Source information |
□ □ □ □ □

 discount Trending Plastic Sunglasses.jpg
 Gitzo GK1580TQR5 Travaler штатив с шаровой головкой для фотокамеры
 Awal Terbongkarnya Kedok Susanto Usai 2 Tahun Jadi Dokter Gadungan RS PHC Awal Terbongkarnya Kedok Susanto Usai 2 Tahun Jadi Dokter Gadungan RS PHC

□ □ □ □ □

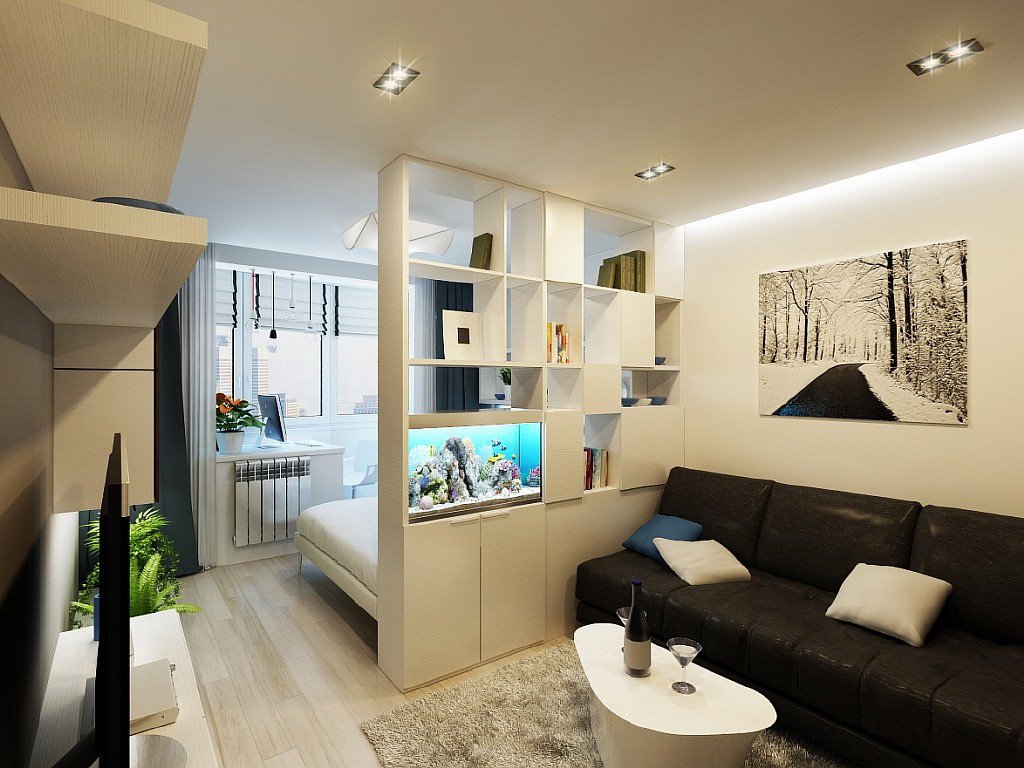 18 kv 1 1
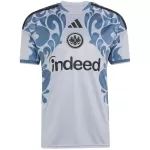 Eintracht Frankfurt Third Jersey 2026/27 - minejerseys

□ □ □ □ □

To do |
Going back over the entries above, copy word for word every line from the one that has "discount Trending Plastic Sunglasses.jpg" on through the one that has "RS PHC Awal".

Result |
 discount Trending Plastic Sunglasses.jpg
 Gitzo GK1580TQR5 Travaler штатив с шаровой головкой для фотокамеры
 Awal Terbongkarnya Kedok Susanto Usai 2 Tahun Jadi Dokter Gadungan RS PHC Awal Terbongkarnya Kedok Susanto Usai 2 Tahun Jadi Dokter Gadungan RS PHC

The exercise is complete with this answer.